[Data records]
▼
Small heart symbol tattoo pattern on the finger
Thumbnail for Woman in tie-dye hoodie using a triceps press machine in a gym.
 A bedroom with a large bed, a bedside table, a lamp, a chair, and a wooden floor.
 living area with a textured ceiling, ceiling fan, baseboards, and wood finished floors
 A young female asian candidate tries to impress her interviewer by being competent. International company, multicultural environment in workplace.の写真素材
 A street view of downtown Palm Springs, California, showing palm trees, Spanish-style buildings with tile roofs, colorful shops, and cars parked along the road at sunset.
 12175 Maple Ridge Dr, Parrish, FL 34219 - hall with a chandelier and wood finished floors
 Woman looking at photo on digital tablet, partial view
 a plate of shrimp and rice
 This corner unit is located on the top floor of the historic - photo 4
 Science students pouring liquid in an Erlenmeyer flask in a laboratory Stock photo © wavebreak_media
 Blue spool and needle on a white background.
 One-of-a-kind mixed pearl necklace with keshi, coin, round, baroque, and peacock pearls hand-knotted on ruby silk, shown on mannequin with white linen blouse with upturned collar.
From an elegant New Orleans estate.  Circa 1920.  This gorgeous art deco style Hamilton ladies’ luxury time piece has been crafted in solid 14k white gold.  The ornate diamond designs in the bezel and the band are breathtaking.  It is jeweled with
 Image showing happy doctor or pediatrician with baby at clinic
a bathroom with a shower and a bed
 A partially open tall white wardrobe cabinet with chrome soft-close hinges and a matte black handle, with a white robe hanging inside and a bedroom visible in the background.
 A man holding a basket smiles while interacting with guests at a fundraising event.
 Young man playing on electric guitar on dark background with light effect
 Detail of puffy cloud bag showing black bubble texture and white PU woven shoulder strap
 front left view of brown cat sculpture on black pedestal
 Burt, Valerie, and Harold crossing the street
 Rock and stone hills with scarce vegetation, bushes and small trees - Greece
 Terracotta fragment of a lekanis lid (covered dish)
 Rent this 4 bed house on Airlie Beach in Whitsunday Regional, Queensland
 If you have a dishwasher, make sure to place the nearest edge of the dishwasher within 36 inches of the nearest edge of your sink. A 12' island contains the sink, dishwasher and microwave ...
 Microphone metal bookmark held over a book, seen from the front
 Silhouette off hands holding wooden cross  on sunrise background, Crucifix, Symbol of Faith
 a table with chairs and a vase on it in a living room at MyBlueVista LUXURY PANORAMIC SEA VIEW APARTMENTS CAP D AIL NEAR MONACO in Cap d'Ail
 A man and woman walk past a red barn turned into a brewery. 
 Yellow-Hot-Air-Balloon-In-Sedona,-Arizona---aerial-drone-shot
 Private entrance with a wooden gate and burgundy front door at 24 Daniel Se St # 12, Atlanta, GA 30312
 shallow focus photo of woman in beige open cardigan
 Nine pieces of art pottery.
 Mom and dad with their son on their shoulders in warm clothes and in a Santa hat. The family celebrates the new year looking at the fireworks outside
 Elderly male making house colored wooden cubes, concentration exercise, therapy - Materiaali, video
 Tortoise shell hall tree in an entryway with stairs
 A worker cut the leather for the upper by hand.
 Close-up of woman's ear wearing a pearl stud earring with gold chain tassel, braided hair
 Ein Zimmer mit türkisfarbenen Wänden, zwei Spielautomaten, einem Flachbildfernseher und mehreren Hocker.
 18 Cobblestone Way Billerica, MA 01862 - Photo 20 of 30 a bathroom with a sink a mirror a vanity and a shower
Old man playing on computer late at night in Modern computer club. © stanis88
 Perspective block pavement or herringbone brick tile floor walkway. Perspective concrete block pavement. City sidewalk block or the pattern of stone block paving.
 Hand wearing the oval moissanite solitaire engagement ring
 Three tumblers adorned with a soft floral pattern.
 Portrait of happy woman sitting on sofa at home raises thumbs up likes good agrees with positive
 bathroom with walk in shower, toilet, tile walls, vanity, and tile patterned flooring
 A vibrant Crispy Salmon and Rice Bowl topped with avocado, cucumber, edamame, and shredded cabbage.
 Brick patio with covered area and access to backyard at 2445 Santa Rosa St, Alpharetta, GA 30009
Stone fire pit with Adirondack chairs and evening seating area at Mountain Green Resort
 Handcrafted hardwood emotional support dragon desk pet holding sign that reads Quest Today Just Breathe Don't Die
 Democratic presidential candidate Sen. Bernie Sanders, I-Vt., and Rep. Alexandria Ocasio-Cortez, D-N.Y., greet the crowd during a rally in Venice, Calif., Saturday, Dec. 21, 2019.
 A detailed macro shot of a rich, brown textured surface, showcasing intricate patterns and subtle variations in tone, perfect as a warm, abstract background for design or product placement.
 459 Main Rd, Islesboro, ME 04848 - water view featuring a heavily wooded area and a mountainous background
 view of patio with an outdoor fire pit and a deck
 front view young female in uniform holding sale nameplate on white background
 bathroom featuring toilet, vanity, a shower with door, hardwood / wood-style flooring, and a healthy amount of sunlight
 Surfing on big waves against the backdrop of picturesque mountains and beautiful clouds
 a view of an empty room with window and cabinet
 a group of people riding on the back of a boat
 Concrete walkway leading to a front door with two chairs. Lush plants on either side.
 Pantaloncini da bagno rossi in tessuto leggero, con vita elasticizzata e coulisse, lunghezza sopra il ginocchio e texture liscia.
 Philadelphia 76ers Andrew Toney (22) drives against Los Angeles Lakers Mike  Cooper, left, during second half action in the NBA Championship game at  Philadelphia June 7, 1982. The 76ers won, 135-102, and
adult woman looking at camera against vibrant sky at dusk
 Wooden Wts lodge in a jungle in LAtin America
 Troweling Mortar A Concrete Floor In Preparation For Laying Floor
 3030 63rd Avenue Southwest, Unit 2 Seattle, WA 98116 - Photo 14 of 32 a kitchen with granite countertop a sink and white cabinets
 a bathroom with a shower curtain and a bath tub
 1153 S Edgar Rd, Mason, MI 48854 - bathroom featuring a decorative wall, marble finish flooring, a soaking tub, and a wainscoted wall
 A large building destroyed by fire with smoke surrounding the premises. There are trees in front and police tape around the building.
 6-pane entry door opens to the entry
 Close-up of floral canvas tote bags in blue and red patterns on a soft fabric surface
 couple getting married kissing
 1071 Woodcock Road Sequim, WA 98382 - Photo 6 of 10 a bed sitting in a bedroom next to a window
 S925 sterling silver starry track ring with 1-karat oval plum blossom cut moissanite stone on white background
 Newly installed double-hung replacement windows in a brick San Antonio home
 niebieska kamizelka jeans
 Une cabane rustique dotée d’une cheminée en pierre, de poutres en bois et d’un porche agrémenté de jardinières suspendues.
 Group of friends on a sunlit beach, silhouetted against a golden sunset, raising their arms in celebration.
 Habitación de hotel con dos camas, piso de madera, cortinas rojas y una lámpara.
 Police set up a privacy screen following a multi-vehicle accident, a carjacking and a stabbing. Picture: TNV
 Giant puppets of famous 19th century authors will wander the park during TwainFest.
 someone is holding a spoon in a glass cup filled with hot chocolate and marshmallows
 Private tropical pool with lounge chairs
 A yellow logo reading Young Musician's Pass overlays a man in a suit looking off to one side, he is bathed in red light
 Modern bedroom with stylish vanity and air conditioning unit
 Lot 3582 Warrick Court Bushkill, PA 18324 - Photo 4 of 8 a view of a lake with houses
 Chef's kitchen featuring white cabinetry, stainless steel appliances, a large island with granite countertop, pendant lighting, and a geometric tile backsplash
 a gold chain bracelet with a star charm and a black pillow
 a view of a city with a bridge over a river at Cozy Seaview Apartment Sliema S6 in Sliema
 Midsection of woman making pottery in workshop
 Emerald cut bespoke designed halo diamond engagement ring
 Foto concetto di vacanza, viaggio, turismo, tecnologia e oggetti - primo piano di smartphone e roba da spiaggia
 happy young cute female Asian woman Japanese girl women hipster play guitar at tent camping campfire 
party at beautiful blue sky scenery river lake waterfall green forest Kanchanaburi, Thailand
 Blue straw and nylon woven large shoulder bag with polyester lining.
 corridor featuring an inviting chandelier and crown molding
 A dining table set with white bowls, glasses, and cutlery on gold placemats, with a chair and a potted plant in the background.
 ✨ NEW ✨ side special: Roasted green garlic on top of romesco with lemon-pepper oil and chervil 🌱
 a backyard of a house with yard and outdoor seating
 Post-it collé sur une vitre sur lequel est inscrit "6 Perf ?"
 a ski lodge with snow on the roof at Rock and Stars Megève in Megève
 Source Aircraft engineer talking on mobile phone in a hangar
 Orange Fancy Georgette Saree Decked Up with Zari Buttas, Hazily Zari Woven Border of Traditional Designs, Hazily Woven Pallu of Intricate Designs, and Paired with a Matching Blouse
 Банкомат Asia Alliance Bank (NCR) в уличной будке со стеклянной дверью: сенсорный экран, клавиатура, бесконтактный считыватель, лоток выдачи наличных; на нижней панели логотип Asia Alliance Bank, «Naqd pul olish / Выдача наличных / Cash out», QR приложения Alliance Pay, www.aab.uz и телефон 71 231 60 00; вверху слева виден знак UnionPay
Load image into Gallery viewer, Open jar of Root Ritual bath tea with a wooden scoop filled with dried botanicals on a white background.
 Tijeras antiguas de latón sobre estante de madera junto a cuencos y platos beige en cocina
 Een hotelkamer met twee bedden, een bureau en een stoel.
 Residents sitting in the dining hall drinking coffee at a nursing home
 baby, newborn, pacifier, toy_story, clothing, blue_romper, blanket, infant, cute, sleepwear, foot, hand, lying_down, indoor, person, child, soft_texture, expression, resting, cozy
▲
[Action item] Return nothing but the lines from the top of the records above through the line that has "A street view". Keep each one exact.

[Task solution]
Small heart symbol tattoo pattern on the finger
Thumbnail for Woman in tie-dye hoodie using a triceps press machine in a gym.
 A bedroom with a large bed, a bedside table, a lamp, a chair, and a wooden floor.
 living area with a textured ceiling, ceiling fan, baseboards, and wood finished floors
 A young female asian candidate tries to impress her interviewer by being competent. International company, multicultural environment in workplace.の写真素材
 A street view of downtown Palm Springs, California, showing palm trees, Spanish-style buildings with tile roofs, colorful shops, and cars parked along the road at sunset.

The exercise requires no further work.